Instant Voice Cloning (IVC) allows you to create voice clones form shorter samples near instantaneously. Creating an instant voice clone does not train or create a custom AI model. Instead, it relies on prior knowledge from training data to make an educated guess rather than training on the exact voice. This works extremely well for a lot of voices.
However, the biggest limitation of IVC is if you are trying to clone a very unique voice with a very unique accent where the AI might not have heard a similar voices before during training. In such cases, creating a custom model with explicit training using Professional Voice Cloning (PVC) might be the best option.
When cloning a voice, it’s important to consider what the AI has been trained on: which languages and what type of dataset. In this case, you can find the languages for each model here, and the dataset is quite varied, especially for the
multilingual v2. You can read more about each individual model here and their strengths.
As mentioned earlier, if the voice you try to clone falls outside of these parameters or outside of what the AI has heard during training, it might have a hard time replicating the voice perfectly using instant voice cloning.
How the audio was recorded is more important than the total length (total runtime) of the samples. The number of samples you use doesn’t matter; it is the total combined length (total runtime) that is the important part.
Approximately 1-2 minutes of clear audio without any reverb, artifacts, or background noise of any kind appears to be the sweet spot. When we speak of “audio or recording quality,” we do not mean the codec, such as MP3 or WAV; we mean how the audio was captured. However, regarding audio codecs, using MP3 at 128 kbps and above seems to work just fine, and higher bitrates don’t seem to markedly improve the quality of the clone.
The AI will attempt to mimic everything it hears in the audio; the speed of the person talking as well as the inflections, the accent and tonality, breathing pattern and strength, as well as noise and mouth clicks and everything else, including noise and artefacts which can confuse it.
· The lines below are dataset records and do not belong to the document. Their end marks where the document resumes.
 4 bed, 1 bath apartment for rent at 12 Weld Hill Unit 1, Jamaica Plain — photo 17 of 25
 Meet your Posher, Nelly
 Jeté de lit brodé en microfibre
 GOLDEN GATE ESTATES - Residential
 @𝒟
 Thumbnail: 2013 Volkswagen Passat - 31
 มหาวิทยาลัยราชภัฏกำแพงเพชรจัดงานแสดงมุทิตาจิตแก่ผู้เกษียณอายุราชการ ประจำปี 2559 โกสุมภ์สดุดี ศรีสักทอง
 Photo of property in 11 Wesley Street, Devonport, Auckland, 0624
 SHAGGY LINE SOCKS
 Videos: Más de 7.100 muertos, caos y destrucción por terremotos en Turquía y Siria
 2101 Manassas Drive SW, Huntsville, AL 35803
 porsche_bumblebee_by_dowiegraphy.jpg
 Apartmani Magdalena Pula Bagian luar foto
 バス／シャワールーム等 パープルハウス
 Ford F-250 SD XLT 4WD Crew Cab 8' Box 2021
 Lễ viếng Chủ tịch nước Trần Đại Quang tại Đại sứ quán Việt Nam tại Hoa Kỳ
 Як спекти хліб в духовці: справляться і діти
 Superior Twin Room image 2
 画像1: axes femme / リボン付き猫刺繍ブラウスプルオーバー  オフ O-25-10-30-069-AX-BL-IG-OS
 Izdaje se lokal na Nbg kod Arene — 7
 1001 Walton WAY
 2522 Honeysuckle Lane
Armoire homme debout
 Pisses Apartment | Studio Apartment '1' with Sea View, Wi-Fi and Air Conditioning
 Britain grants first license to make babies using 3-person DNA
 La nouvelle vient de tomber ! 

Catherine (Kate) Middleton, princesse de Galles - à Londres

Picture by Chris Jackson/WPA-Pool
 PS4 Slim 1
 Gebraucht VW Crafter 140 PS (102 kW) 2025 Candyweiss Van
Another important thing to keep in mind is that the AI will try to replicate the performance of the voice you provide. If you talk in a slow, monotone voice without much emotion, that is what the AI will mimic. On the other hand, if you talk quickly with much emotion, that is what the AI will try to replicate.
It is crucial that the voice remains consistent throughout all the samples, not only in tone but also in performance. If there is too much variance, it might confuse the AI, leading to more varied output between generations.
- The most important aspect to get a proper clone is the voice itself, the language and accent, and the quality of the recording.
- Audio length is less important than quality but still plays an important role up to a certain point. At a minimum, input audio should be 1 minute long. Avoid adding beyond 3 minutes; this will yield little improvement and can, in some cases, even be detrimental to the clone, making it more unstable.
- Keep the audio consistent. Ensure that the voice maintains a consistent tone throughout, with a consistent performance. Also, make sure that the audio quality of the voice remains consistent across all the samples. Even if you only use a single sample, ensure that it remains consistent throughout the full sample. Feeding the AI audio that is very dynamic, meaning wide fluctuations in pitch and volume, will yield less predictable results.
- Find a good balance for the volume so the audio is neither too quiet nor too loud. The ideal would be between -23 dB and -18 dB RMS with a true peak of -3 dB.